# Performance Mods on the FI Brute



## 08brutenasty (Feb 9, 2010)

Just curious on what mods everyone has on their Brute's. I have a 2008 and have a Twin Air Air Filter, Full Muzzy and Digi Tuner. Looking for some other Mods but don't know what to get. Any suggestions???


----------



## Metal Man (Dec 17, 2008)

You could snorkel it,add a temp gauge, add a clutch kit and or have your clutch cut/modded. Have you added tires?

Just to name a few things.

You should feel out your sig so we know what you got.


----------



## 88rxn/a (Mar 2, 2009)

i have yet to get a twin air and my VDI tuned (having trouble tuning it myself and waiting to go to VFJ) but i would suggest some clutch springs and get the clutch cut by VFJ.


----------



## 08beast (Sep 10, 2009)

might be a little hi jacking here, but what is ment by getting the clutches cut?


----------



## wood butcher (May 11, 2009)

they machine some of the alum. out of the primary clutch cover to make it lighter. it frees up some power


----------



## 08beast (Sep 10, 2009)

not sure what something like that would cost. but is it worth the money or is it just something that would be more of an edge for racing.


----------



## Brute650i (Dec 17, 2008)

There is a lot of people that are running his clutches on the trail. They say it helps in every aspect low, mid and top.

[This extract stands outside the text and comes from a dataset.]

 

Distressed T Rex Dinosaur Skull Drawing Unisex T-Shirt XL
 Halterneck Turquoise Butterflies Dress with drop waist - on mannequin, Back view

Also better gas mileage.


----------



## Metal Man (Dec 17, 2008)

wood butcher said:


> they machine some of the alum. out of the primary clutch cover to make it lighter. it frees up some power


Theres a little more to it then that.

This is straight from VFJ.




> What is Done is Sheave Clearanced for the Overdrive. Stage 2 is 15% overdrive for lower 650 powered machines. Stage 3 is 20% more overdrive for 700 and UP powered machines.
> 
> 
> 
> ...


----------



## walker (Apr 5, 2009)

wow stage 2 87 mph and stage 3 93 mph ....


----------



## 08brutenasty (Feb 9, 2010)

Yeah I have Tires....26'' mud lite and black ITP rims. What kind of difference (performance) does getting clutch springs give me?


----------



## jctgumby (Apr 23, 2009)

Depending on what type clutch setup you go with, usually you will get more bottom end torque by reclutching...Quicker snap off the line


----------



## Metal Man (Dec 17, 2008)

walker said:


> wow stage 2 87 mph and stage 3 93 mph ....

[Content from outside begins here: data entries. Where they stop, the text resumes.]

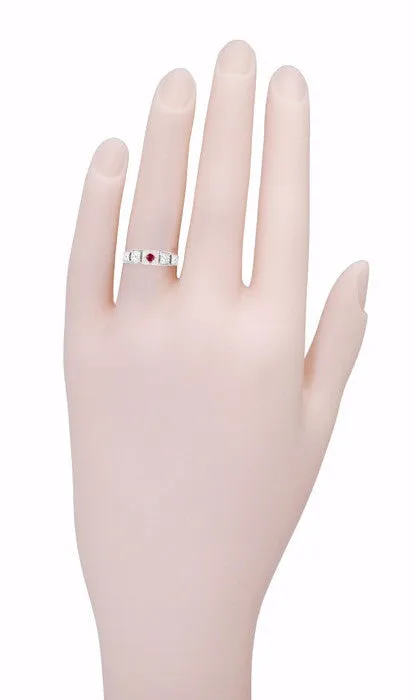 Art Deco Engraved Ruby Engagement Ring in Platinum - Low Profile Vintage Design
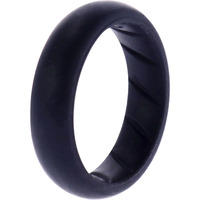 Silicone Wedding Ring - Dome Solid BR Comfort Fit - Basic-Black by ROQ for Women - 6 mm Ring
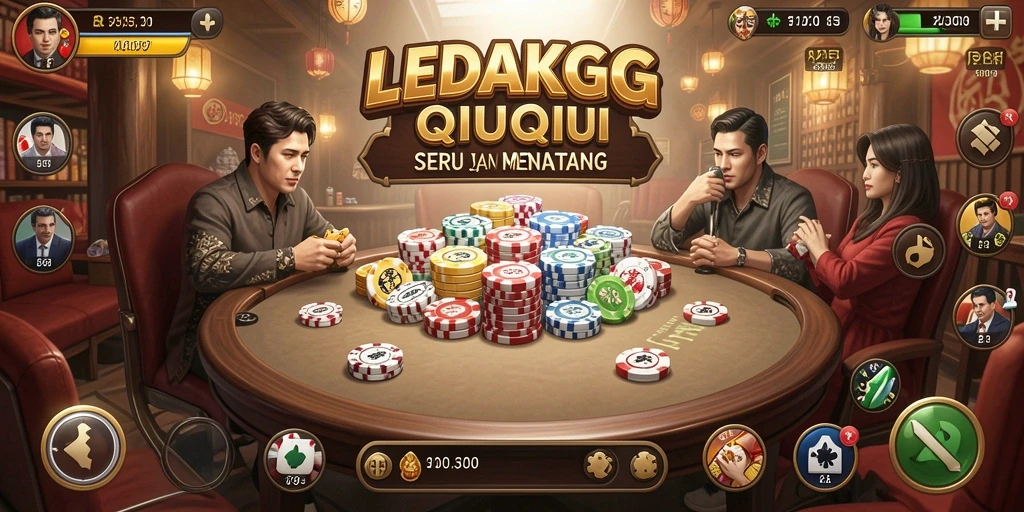 Tampilan gameplay seru di LEDAKGG dengan kartu QiuQiu.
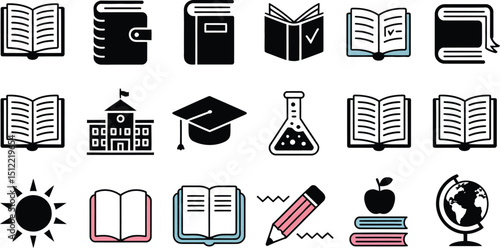 A collection of education related icons including books, school, graduation cap, and science equipment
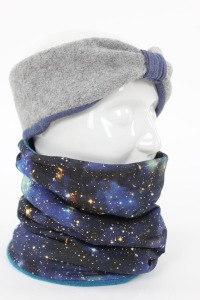 Fleece-Loopschal zum Wenden petrol und Blue Galaxy 3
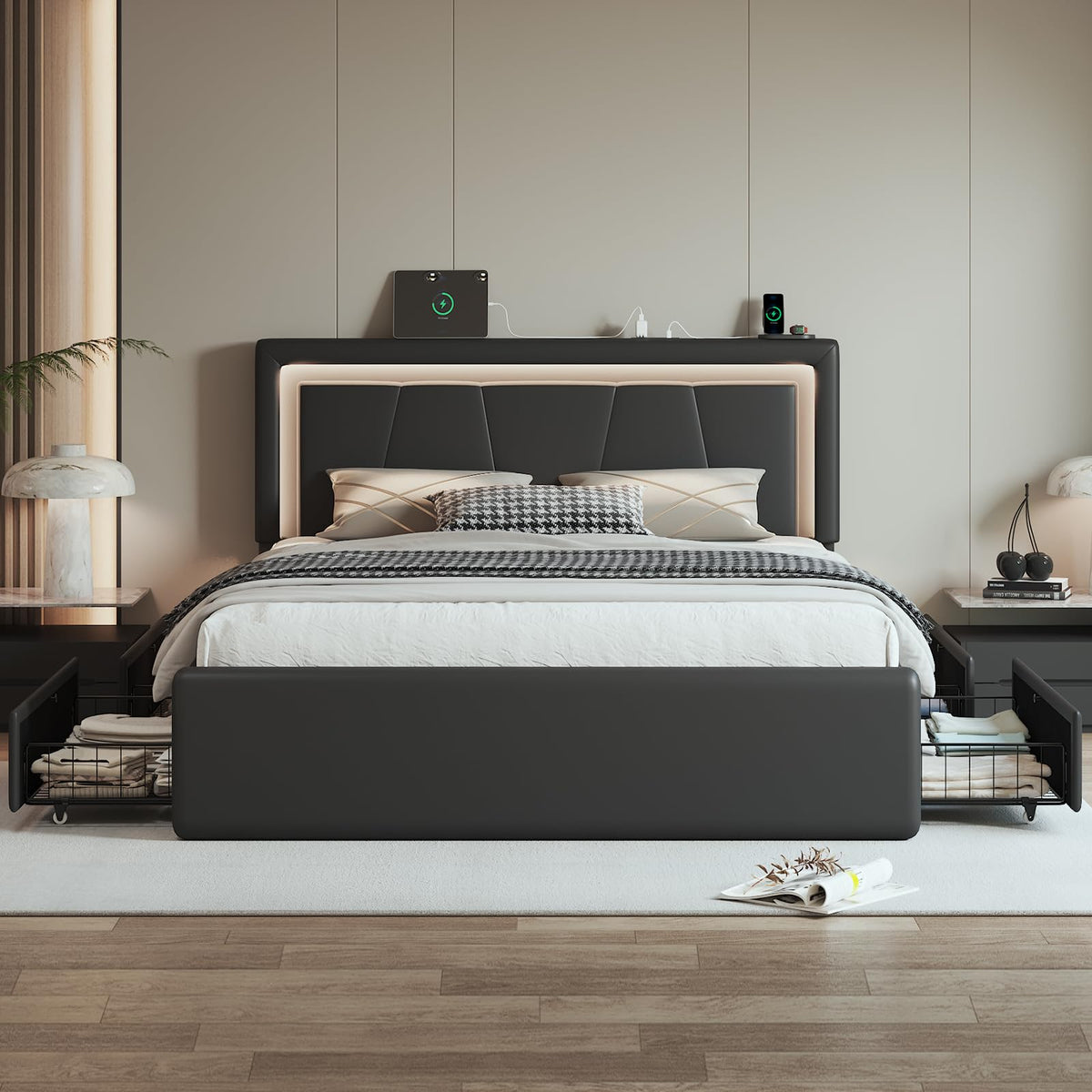 Full Size Bed Frame with Storage Drawers and Charging Station, Black P73396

Thats if you have the HP to pull it.:bigok:

I sure as heck dont.


----------



## 88rxn/a (Mar 2, 2009)

^^^
amen!
i could only get 65MPH out mine stock...
def. didnt get one of the good eggs out of the batch!


----------



## Metal Man (Dec 17, 2008)

I've never tried my Stage 3 out with stock tires.I already had the 28's on the Brute when i got John to mod my clutch. With stockers i could get 70mph out of the brute. I'm sure with the things I've done to it that would be a higher number if i put the stokers back on it.

But it takes much more then a stock brute with a cut clutch to see those speeds.You need some internal massaging for that.


----------



## 08brutenasty (Feb 9, 2010)

Where's the best place to get the Clutch Springs?


----------



## Wpeschel (Jan 21, 2009)

08brutenasty said:


> Where's the best place to get the Clutch Springs?


http://www.erlandsonperformance.com/


----------



## phreebsd (Dec 16, 2004)

^ also check our wts section. there's usually one available.


----------